Prince albums are weird. Because you must listen to them a few times before they grow on you. Because a new Prince album doesn’t sound like the last one. It doesn’t sound like anything else you’ve ever heard. It’s brand new. So you sort of go, what in the world is he doing now? On the second spin, you become more accustomed to his new experiments. By the third spin, that album is ALL YOU ARE GOING TO LISTEN TO FOR THE NEXT MONTH OR TWO. Constantly. On your stereo. In your head. In your body. That’s all you’re hearing. You got the goggles on. And they’re glued to your face. You are haunted by the music. And there are no spells to help you.

Few musical artists have ever done this to me. None have done it to me as often as Prince has.

He did it most recently with his double release as a result of his reunion with the Warner Bros label. Art Official Age would have been a sublime achievement had it been Prince’s only release that year. But that it was paired with his girl-group sonic triumph PlectrumElectrum, that is something that makes this untimely death cut to the gut. It’s not like he’s lost his gift, not like he’d given up his art to send his children to private school (oh, there’s that), not like he had become Phil Collins. These two albums are masterpieces. They belong in a shelf next to any of his best, and I haven’t even listened to the Hit n Run series yet.

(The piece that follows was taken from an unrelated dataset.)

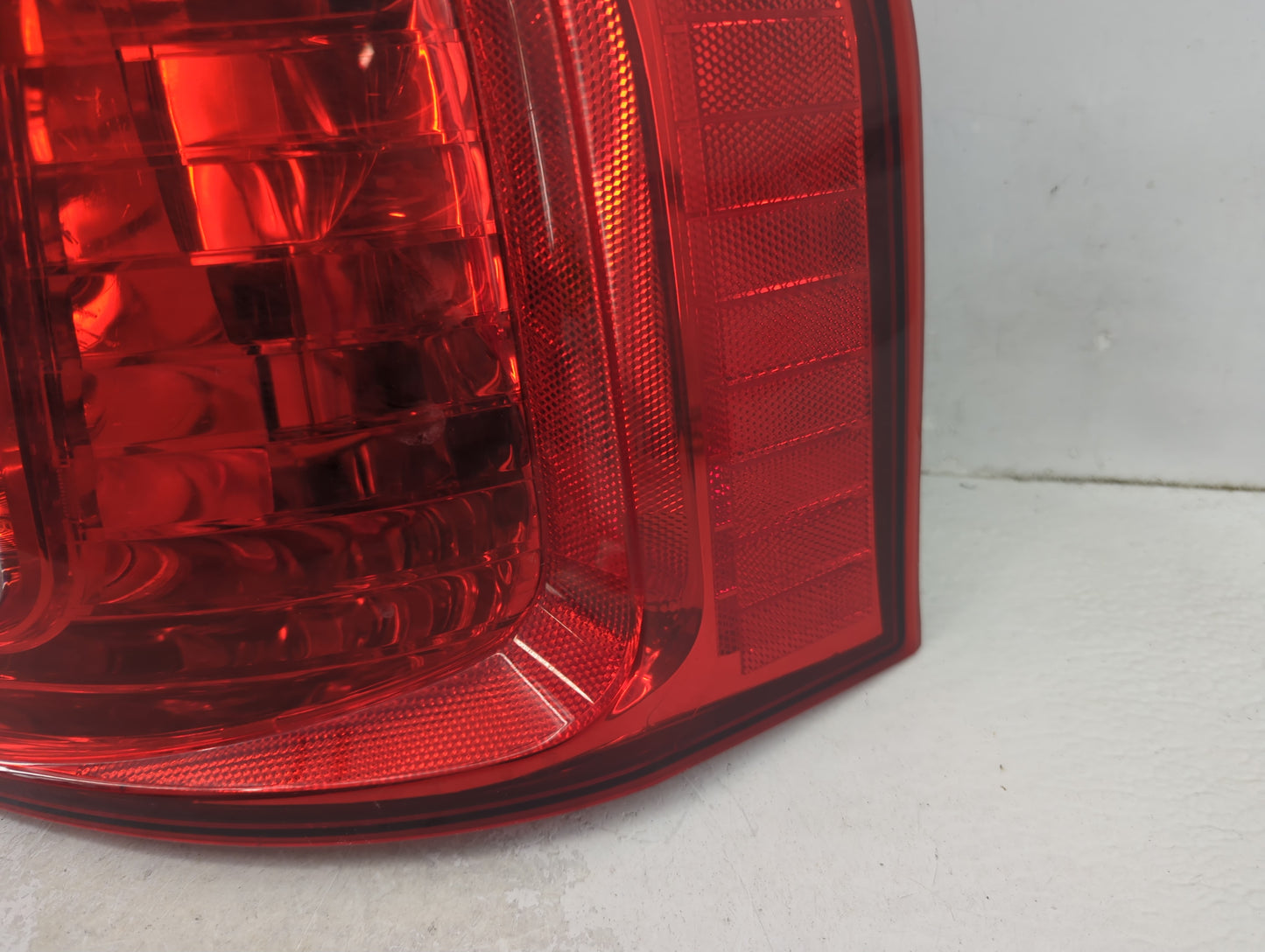 2011-2014 Ford Edge Tail Light Assembly Passenger Right OEM P/N:BT43-13B504-AE BT4313B504AE Fits Fits 2011 2012 2013 2014 OE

In his mid-50s, he still had it. He could still do it. He could still be fucking brilliant.

All welcome messages to a horny, frustrated middle-aged man newly plopped in upstate New York who friggin’ loves football.

This isn’t difficult because of nostalgia. This is difficult because he wasn’t done. Because he hadn’t lost it. Because I wanted to look forward to another spell where there’s a Prince album a year, and each one tops the last. I wanted another golden age for this golden artist. He wasn’t done. And neither was I.

I cannot begin to express to you what this artist meant to me. He is 80 percent of what music is to me. He is the content of my pop culture goggles much of the time and has occupied them exclusively much of the time.

I cannot tell you how difficult this is. What a touchstone you’ve lost if you’re a fan.

I saw him live once, during the Musicology days. He gave a brief intermission and then came back, just him and a guitar on a stool. He played a lot of favorites, heavy on Around the World as I recall. And he said to us, he said something like this, he said “you know you sang this into the mirror holding hair brush.”

And I’m like how the F did he know? F’n guy’s been spying on me all along.

He got on the elevator. The elevator tried to break him down.

He forgot to go crazy.

That’s what happened.

I am not done updating this post. I’m just tired. I’ll be back. I’m so sad.